Recently, I’ve seen an increasing number of posts in various children and youth pastor’s forums about how to rebuild an adult leadership team that’s been decimated by the pandemic. It seems that as many people switched to virtual ministry, their ministries became (sometimes intentionally so and sometimes not) dependent only on them. Now, with the vaccine on the horizon, people are beginning to dream of post-pandemic life. Many have found themselves panicked over the thought of having to restart in-person ministry with essentially no leaders.

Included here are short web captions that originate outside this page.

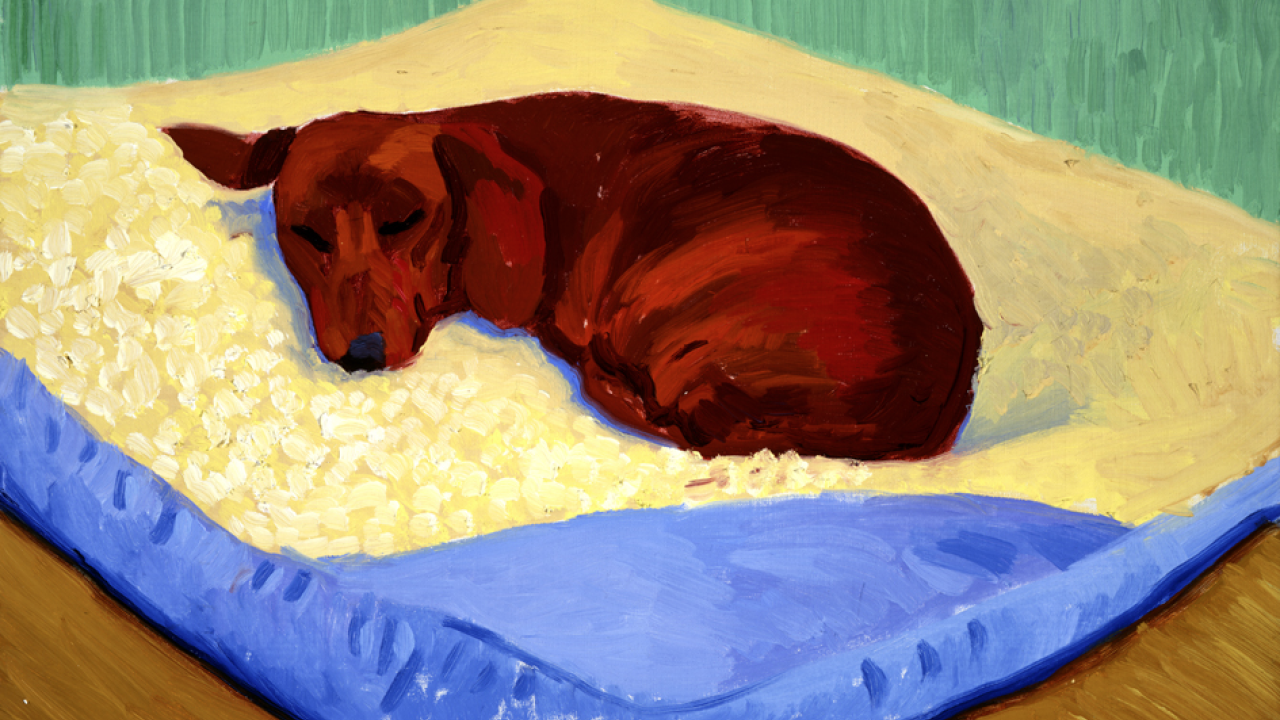 hockney dog.png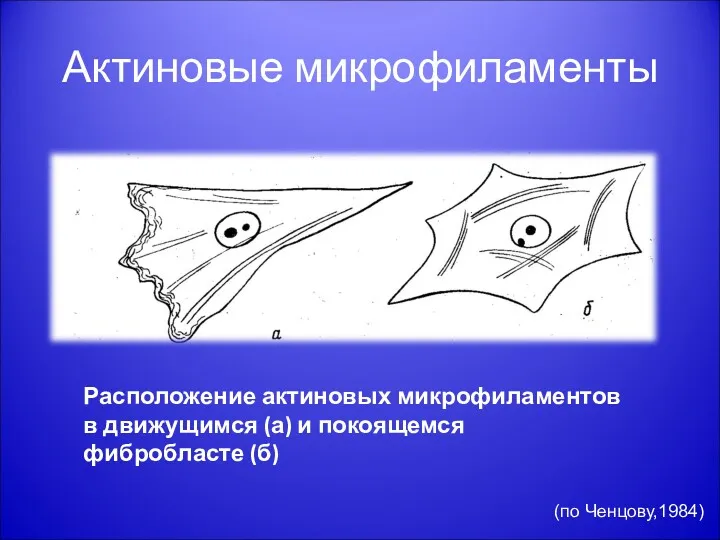 Актиновые микрофиламенты Расположение актиновых микрофиламентов в движущимся (а) и покоящемся фибробласте (б) (по Ченцову,1984)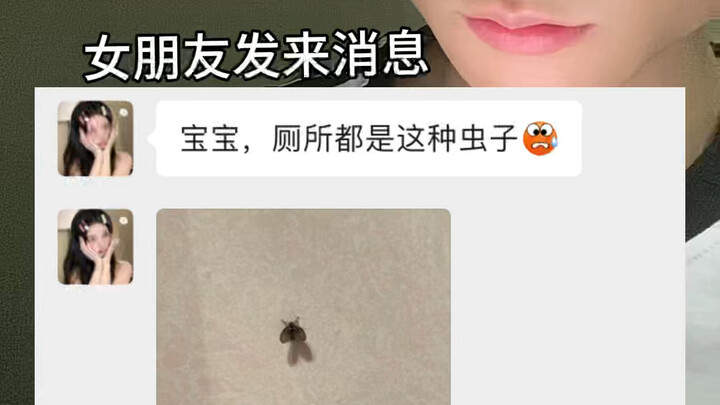 Think About It—It’s Terrifying! If You Spot This Bug in the Bathroom, Never Swat It with Your Hands!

In so many ways, I get it. Sometimes, it’s far easier to do ministry alone than it is to enlist other adult leaders. But it’s also unhealthy.
So, if this is where you find yourself, it’s time to begin thinking about post-pandemic leadership NOW, even if you’re still meeting virtually.
With that in mind, here are 4 ways that you can and should utilize leaders in virtual ministry.
1. If you’re recording virtual messages for children or youth ministry, share the wealth! Instead of feeling the pressure to record every message yourself, enlist people you’d like on your leadership team and ask them to help record virtual messages – either by teaching themselves or by handling your tech.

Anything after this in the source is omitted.